The Building of Asgard’s Walls
At a Glance
- Central figures: The Aesir gods, led by Odin; an unnamed builder who is a giant in disguise; Loki the shape-shifter; Thor; Freyja, goddess whose hand was wagered; and Svadilfari, the builder’s stallion.
- Setting: Asgard, in the early days before the great battles between gods and giants, drawn from the Norse mythological tradition recorded in the Prose Edda.
- The turn: Loki transforms himself into a mare to lure Svadilfari away from the builder, preventing the walls from being finished before the deadline.
- The outcome: The builder reveals himself as a jotunn and attacks the gods; Thor kills him with Mjolnir. The walls are largely complete, Freyja is kept, and the sun and moon remain in the sky.
- The legacy: Loki, having spent months in mare form, gives birth to Sleipnir - the eight-legged horse that becomes Odin’s personal mount and the fastest steed in all nine worlds.
Asgard had no walls. The Aesir had power enough - spears, hammers, the will to fight - but the Jotnar were always there at the edges, and one day the giants would come in numbers too great to hold with strength alone. The gods needed stone. They needed height and thickness and gates that would not break. The trouble was the labor.

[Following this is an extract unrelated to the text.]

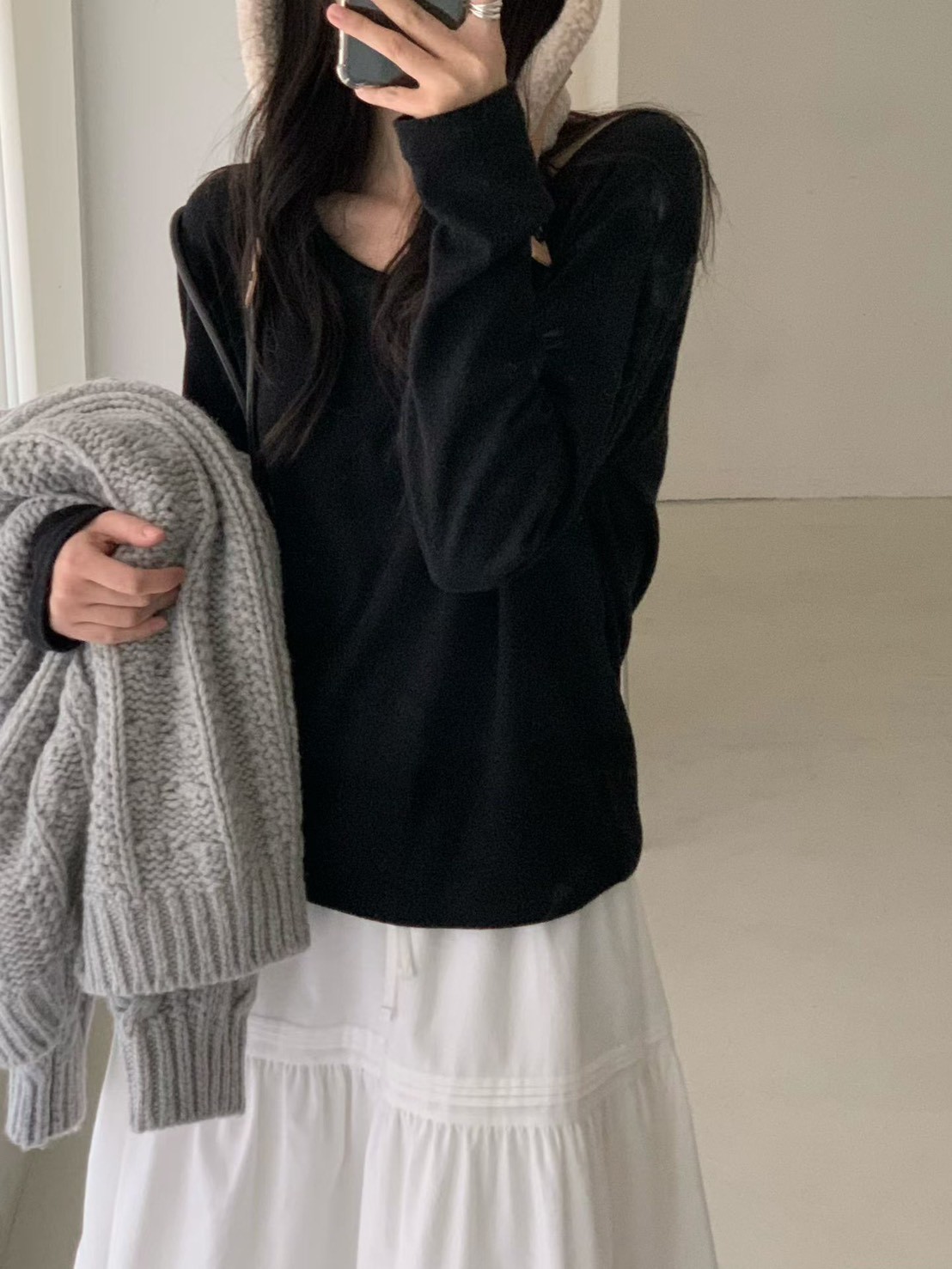 A03.小V家柔軟大U領彈性上衣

Building a true fortification around all of Asgard would take years even for the gods themselves. Nobody wanted to do it. And then a stranger arrived at the gates with a proposal.
The Builder’s Terms
He was a large man - very large - and he said he was a master builder. He would raise the walls himself, he told them. Walls strong enough to stop any giant army, built to last until Ragnarok and maybe past it.
His price was not gold. Not iron nor grain. He wanted Freyja as his wife, and he wanted the sun and the moon.
Freyja was the most loved of all the gods in Asgard. The sun and the moon were the lights of the living world. The gods roared. Some of them wanted to throw the stranger out on the spot. But Loki, who had been quiet in the back, raised a hand.
He had an idea.
The Impossible Bargain
Loki leaned over to Odin and spoke quietly. Then Odin turned to the builder with the look he wore when he already knew the answer to a question.
“We accept,” Odin said. “But you must finish by the first day of summer. One winter - that is all. And you work alone. No man, no giant helps you.”
The builder thought it over. A single winter to raise walls around all of Asgard. It should have been impossible, and that was the point. The gods were certain he would fail, the deal would lapse, and they would at least have whatever stonework he managed to lay before summer came.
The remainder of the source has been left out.